WHAT THE EXERCISE ASKS:
Images excepted, the data below must be repeated exactly.

COLLECTED MATERIAL:
*** Begin section ***
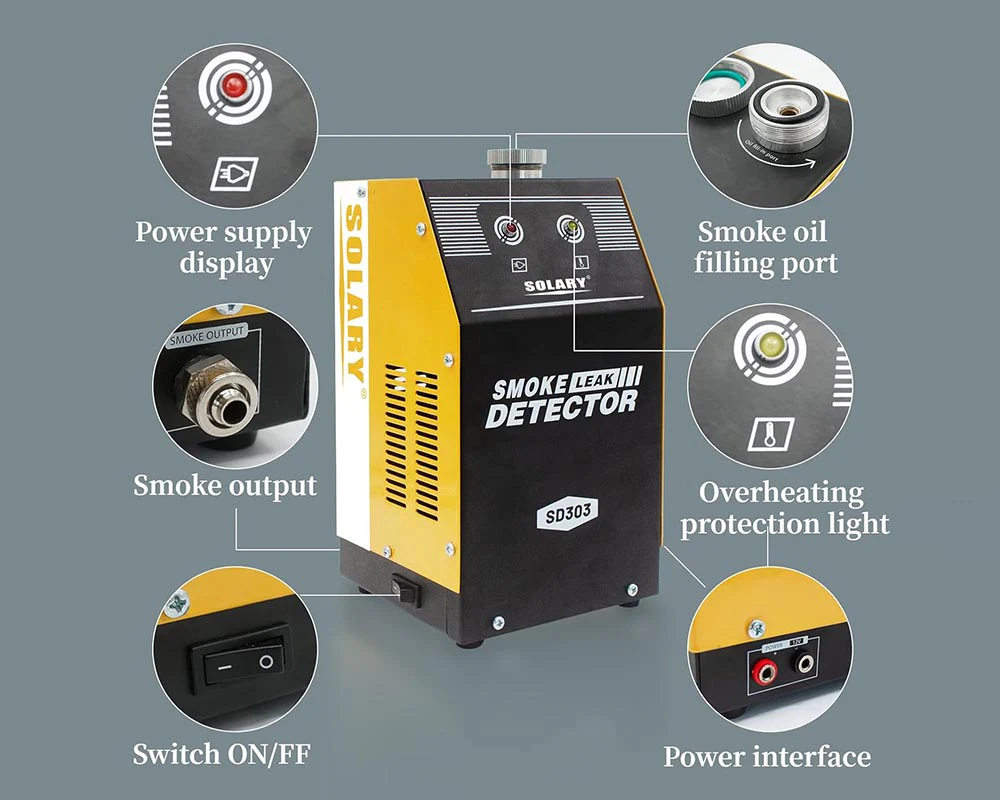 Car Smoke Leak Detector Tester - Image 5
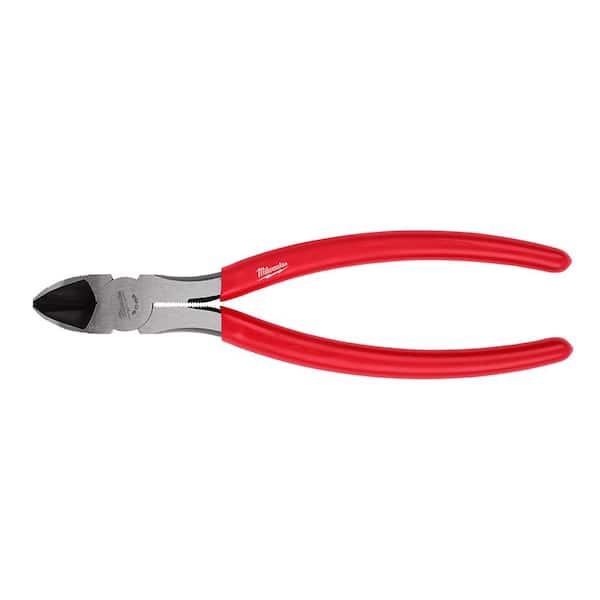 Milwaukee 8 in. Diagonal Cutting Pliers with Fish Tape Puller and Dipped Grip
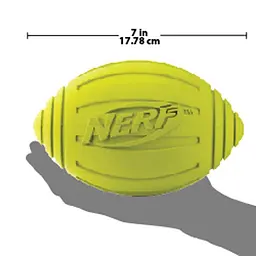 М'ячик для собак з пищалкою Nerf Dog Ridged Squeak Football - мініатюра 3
*** End section ***
SOLUTION FOR THIS EXERCISE:
 Car Smoke Leak Detector Tester - Image 5
 Milwaukee 8 in. Diagonal Cutting Pliers with Fish Tape Puller and Dipped Grip
 М'ячик для собак з пищалкою Nerf Dog Ridged Squeak Football - мініатюра 3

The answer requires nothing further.